Al Piccolo Teatro di Catania, Elena Cantarella ha ricevuto il premio storico-artistico della Fondazione Giuseppe Fava di Catania “Giovanna Berenice Mori”. Un premio intitolato alla compianta storica dell’arte e al suo appassionato lavoro di studio e ricerca dell’opera pittorica di Giuseppe Fava, giornalista ucciso dalla mafia a Catania nel 1984.

Cantarella ha vinto scrivendo un saggio dal titolo “Giuseppe Fava.
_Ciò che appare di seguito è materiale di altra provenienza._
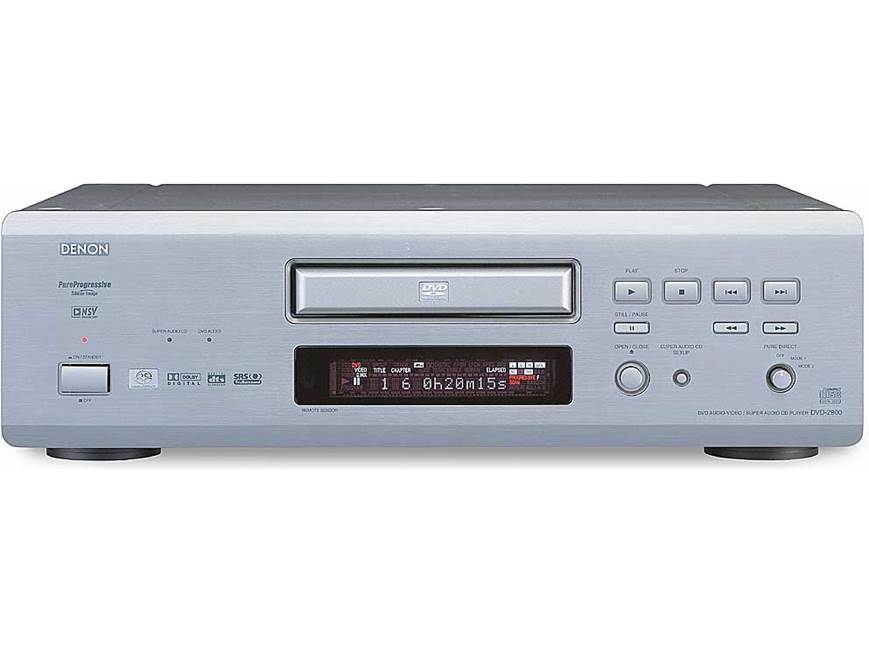 Denon DVD-2900 (Silver) Universal DVD/CD/SACD/DVD-Audio player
Oltre il segno”. «L’arte per Fava – scrive Cantarella – è testimonianza della continuità tra la sua attività di giornalista e quella di artista, non è solo uno sfogo, ma un’ineluttabile esigenza comunicativa, espressione concreta degli aspetti più profondi della sua anima».

«Il mezzo artistico – prosegue Cantarella – realizza la sua necessità di tradurre la realtà attraverso uno strumento che rispetto alla parola possa avere un linguaggio universale, senza abbandonare la sua intimità di significato: nelle immagini, nel colore, nel segno i suoi sentimenti si mescolano con quelli degli uomini e delle donne su cui posa lo sguardo».

Ad assegnarle il premio la commissione composta dal presidente della Fondazione Fava, da un rappresentante della famiglia Fava e da due docenti dell’Accademia di belle arti di Catania.

Una lettura innovativa sull’arte di Fava

Cantarella, secondo la motivazione, ha «presentato in modo puntuale e preciso, asciutto e piano il lavoro artistico di Giuseppe Fava, coniugandolo con le principali intenzioni artistiche, antropologiche e culturali dell’autore». E ha anche intercettato «l’ironica denuncia caricaturale che Fava mette continuamente in atto» attraverso «l’introspezione, il doppio, lo studio sui volti» e promuovendo una lettura innovativa e un «valido approfondimento dell’opera faviana».

All’intermezzo musicale curato da un quartetto d’archi dell’orchestra “MusicaInsieme” di Librino è seguita la cerimonia di premiazione del concorso giornalistico Giuseppe Fava “Apri la finestra sulla tua città e raccontaci dove vedi la mafia, l’illegalità, le ingiustizie”.  Tra i vincitori di quest’ultimo concorso, una scuola del quartiere Zia Lisa di Catania, che ha realizzato una video-inchiesta molto coraggiosa, e un ragazzo di Giarre.